Los habitantes afirman sentirse contentos y contagiados de la tranquilidad de vivir lejos de la ciudad. Es “como estar en el pueblo” que ellos o sus padres dejaron por migrar en busca de oportunidades, dicen.

Un grupo de hombres de origen nahua, otomí y mixteco pegan ladrillos con los que van construyendo un cuarto, que en pocos meses albergará un aula para que los niños pequeños no caminen los 40 minutos que los dividen de la escuela de preescolar más cercana.

Claudio Ramírez, indígena nahua, dice que tras dos años de haber abandonado la obra porque no lograban juntar para los materiales, hace unos meses la retomaron para que los niños tengan la escuela cerca de donde viven.

“Queremos que se termine. Es muy importante para nosotros, para la comunidad, para los artesanos, porque nos sirve a todos”, dice Ramírez, quien encabeza el grupo de un centenar de hombres que se van turnando el trabajo.

Octavio Severiano, otro de los trabajadores, agrega: “Como no podemos recibir proyectos por parte del gobierno del estado por el cambio de uso de suelo, nos han detenido por ese lado, pero no nos queda de otra que hacerlo donde podamos”.

La construcción será el espacio, además, donde los habitantes tengan sus asambleas y realicen actividades culturales tradicionales protegidos del sol y la lluvia. En espera de inaugurarla, alguien escribió en uno de los muros terminados: “Elegimos la rebeldía, es decir la vida”.

Compartir los saberes
Alberta Nicolás Domínguez, una indígena otomí originaria de Querétaro, se sienta frente a uno de los árboles del centro de la colonia. Con lazos amarrados a la cintura y palos de madera que va metiendo entre hilos de colores forma unos fajos para venderlos. A su lado niñas y mujeres intentan entrelazar las hebras ayudadas por ella.

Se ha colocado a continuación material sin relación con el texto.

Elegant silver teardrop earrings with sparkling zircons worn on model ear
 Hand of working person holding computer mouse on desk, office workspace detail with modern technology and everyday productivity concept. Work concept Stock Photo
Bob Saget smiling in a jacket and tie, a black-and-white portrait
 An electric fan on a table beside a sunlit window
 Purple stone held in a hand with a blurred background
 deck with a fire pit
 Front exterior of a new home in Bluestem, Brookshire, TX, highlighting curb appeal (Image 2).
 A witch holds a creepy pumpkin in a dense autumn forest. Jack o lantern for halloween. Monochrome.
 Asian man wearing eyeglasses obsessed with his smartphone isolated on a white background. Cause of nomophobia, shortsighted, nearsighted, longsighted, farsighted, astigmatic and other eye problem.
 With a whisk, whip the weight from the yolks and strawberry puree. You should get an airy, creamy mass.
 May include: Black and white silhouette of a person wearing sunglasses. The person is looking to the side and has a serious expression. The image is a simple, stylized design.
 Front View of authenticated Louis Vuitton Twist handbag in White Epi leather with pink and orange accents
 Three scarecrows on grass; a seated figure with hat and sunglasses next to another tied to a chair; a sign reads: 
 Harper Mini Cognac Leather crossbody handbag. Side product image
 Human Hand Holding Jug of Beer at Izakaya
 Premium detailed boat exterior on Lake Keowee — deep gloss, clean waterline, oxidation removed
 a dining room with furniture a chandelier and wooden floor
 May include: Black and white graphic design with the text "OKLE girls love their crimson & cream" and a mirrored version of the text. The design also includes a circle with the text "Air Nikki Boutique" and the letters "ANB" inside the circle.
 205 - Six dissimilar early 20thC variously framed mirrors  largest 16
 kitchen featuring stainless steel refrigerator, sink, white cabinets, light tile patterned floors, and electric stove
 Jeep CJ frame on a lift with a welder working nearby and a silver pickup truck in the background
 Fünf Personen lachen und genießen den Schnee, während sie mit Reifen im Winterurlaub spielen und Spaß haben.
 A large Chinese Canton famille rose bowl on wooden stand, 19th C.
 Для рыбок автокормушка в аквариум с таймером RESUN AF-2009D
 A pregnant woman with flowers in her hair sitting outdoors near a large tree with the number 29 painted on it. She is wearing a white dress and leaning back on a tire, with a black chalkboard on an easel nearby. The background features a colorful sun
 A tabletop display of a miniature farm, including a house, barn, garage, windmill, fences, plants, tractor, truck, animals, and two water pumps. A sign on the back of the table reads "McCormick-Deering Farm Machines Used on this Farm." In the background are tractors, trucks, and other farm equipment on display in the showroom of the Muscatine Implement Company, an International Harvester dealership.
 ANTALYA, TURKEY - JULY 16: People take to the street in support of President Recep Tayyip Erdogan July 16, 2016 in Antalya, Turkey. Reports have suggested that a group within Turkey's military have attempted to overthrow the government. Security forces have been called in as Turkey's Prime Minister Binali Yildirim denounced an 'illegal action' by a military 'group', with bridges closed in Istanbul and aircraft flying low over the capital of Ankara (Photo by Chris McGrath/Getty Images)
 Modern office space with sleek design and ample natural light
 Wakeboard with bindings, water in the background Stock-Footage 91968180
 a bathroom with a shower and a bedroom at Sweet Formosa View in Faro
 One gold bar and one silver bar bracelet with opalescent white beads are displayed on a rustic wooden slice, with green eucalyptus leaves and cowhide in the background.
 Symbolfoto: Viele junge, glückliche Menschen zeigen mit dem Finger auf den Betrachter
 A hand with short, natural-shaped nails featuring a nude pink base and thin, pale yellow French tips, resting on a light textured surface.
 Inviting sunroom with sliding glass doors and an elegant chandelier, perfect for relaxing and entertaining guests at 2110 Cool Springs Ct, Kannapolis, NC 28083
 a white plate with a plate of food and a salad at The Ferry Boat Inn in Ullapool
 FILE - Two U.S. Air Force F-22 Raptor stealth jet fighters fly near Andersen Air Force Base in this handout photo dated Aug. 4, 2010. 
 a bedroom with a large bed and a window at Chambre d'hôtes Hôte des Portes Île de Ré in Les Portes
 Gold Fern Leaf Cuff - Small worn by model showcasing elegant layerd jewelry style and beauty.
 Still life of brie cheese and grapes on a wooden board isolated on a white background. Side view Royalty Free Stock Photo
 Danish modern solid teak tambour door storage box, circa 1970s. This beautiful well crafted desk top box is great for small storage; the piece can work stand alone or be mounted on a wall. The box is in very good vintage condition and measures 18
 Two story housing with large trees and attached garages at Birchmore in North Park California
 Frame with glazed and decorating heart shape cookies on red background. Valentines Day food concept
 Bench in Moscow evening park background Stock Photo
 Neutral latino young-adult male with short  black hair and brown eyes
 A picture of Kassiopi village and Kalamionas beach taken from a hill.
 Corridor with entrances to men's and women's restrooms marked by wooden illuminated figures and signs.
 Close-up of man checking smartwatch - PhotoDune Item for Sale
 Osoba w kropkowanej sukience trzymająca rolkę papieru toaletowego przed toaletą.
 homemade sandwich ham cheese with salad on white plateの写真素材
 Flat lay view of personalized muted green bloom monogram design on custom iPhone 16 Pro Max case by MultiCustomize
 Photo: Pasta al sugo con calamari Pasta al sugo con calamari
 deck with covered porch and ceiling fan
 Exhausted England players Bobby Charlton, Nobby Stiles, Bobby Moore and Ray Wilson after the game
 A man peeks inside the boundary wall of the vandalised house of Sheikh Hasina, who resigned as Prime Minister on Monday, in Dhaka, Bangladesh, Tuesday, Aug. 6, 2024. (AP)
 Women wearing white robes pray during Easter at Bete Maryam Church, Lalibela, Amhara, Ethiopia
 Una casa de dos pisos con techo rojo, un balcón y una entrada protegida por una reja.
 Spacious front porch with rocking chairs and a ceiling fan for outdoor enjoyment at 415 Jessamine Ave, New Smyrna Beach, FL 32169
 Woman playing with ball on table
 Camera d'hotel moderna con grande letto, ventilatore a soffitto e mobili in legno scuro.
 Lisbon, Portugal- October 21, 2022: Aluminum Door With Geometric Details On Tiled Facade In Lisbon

La mujer aprendió el telar de cintura desde pequeña viendo a su madre trabajar. Ahora es quien enseña a las vecinas de otras etnias en el taller que las reúne cada semana en la explanada principal. Para ella es importante preservar el trabajo que heredó de su familia.

“Es bueno seguir, porque si se va a perder, no va a saber la gente que es la costumbre de nosotros”, dice doña Alberta sin despegar la vista de sus hilos.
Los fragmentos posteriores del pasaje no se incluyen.